In three weeks, a panel of senior judges will hear Cardinal George Pell’s appeal of the unjust verdict rendered against him at his retrial in March, when he was convicted of “historical sexual abuse.” That conviction did not come close to meeting the criterion of guilt “beyond a reasonable doubt,” which is fundamental to criminal law in any rightly-ordered society. The prosecution offered no corroborating evidence sustaining the complainant’s charge. The defense demolished the prosecution’s case, as witness after witness testified that the alleged abuse simply could not have happened under the circumstances charged—in a busy cathedral after Mass, in a secured space.
Yet the jury, which may have ignored instructions from the trial judge as to how evidence should be construed, returned a unanimous verdict of guilty. At the cardinal’s sentencing, the trial judge never once said that he agreed with the jury’s verdict; he did say, multiple times, that he was simply doing what the law required him to do. Cardinal Pell’s appeal will be just as devastating to the prosecution’s case as was his defense at both his first trial (which ended with a hung jury, believed to have favored acquittal) and the retrial. What friends of the cardinal, friends of Australia, and friends of justice must hope is that the appellate judges will get right what the retrial jury manifestly got wrong.
That will not be easy, for the appellate judges will have been subjected to the same public and media hysteria over Cardinal Pell that was indisputably a factor in his conviction on charges demonstrated to be, literally, incredible. Those appellate judges will also know, however, that the reputation of the Australian criminal justice system is at stake in this appeal. And it may be hoped that those judges will display the courage and grit in the face of incoming fire that the rest of the Anglosphere has associated with “Australia” since the Gallipoli campaign in World War I.
In jail for two months now, the cardinal has displayed a remarkable equanimity and good cheer that can only come from a clear conscience. The Melbourne Assessment Prison allows its distinguished prisoner few visitors, beyond his legal team; but those who have gone to the prison intending to cheer up a friend have, in correspondence with me, testified to having found themselves cheered and consoled by Cardinal Pell—a man whose spiritual life was deeply influenced by the examples of Bishop John Fisher and Sir Thomas More during Henry VIII’s persecution of the Church in sixteenth-century England. The impact of over a half-century of reflection on those epic figures is now being displayed to Cardinal Pell’s visitors and jailers, during what he describes as his extended “retreat.”
Around the world, and in Australia itself, calmer spirits than those baying for George Pell’s blood (and behaving precisely like the deranged French bigots who cheered when the innocent Captain Alfred Dreyfus was condemned to a living death on Devil’s Island) have surfaced new oddities—to put it gently—surrounding the Pell Case.
How is it, for example, that the complainant’s description of the sexual assault he alleges Cardinal Pell committed bears a striking resemblance—to put it gently, again—to an incident of clerical sexual abuse described in Rolling Stone in 2011? How is it that edited transcripts of a post-conviction phone conversation between the cardinal and his cathedral master of ceremonies (who had testified to the sheer physical impossibility of the charges against Pell being true) got into the hands (and thence into the newspaper writing) of a reporter with a history of anti-Pell bias and polemic?
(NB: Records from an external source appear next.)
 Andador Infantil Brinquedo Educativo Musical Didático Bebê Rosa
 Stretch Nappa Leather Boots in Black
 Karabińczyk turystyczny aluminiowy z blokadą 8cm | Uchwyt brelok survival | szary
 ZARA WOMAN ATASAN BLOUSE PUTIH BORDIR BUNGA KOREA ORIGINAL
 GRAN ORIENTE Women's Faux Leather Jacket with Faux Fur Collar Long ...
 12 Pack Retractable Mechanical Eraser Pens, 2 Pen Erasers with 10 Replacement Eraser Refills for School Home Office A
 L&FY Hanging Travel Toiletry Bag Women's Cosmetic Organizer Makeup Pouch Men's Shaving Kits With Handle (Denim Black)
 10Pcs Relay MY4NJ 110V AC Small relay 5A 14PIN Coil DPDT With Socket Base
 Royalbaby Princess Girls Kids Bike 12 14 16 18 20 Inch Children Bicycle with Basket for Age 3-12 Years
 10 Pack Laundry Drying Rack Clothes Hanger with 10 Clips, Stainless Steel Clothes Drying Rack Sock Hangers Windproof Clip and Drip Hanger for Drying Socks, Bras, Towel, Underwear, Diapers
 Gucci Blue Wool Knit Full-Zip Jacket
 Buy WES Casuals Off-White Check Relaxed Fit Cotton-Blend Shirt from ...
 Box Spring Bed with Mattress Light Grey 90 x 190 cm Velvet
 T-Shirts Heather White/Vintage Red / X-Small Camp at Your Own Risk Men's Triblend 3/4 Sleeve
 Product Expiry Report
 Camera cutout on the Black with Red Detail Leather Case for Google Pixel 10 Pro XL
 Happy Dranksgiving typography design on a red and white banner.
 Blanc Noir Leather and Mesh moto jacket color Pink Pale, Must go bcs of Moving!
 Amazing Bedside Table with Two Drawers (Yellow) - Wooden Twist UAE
What is the web of relationships among the virulently anti-Pell sectors of the Australian media, the police in the state of Victoria, and senior Australian political figures with longstanding grievances against the politically incorrect George Pell? What is the relationship between the local Get Pell gang and those with much to lose from his efforts to clean up the Vatican’s finances?
And what is the state of serious investigative journalism in Australia, when these matters are only investigated by small-circulation journals and independent researchers?
An “unsafe” verdict in Australia is one a jury could not rationally have reached. Friends of truth must hope that the appellate judges, tuning out the mob, will begin to restore safety and rationality to public life Down Under in June.
George Weigel is Distinguished Senior Fellow of Washington, D.C.’s Ethics and Public Policy Center, where he holds the William E. Simon Chair in Catholic Studies.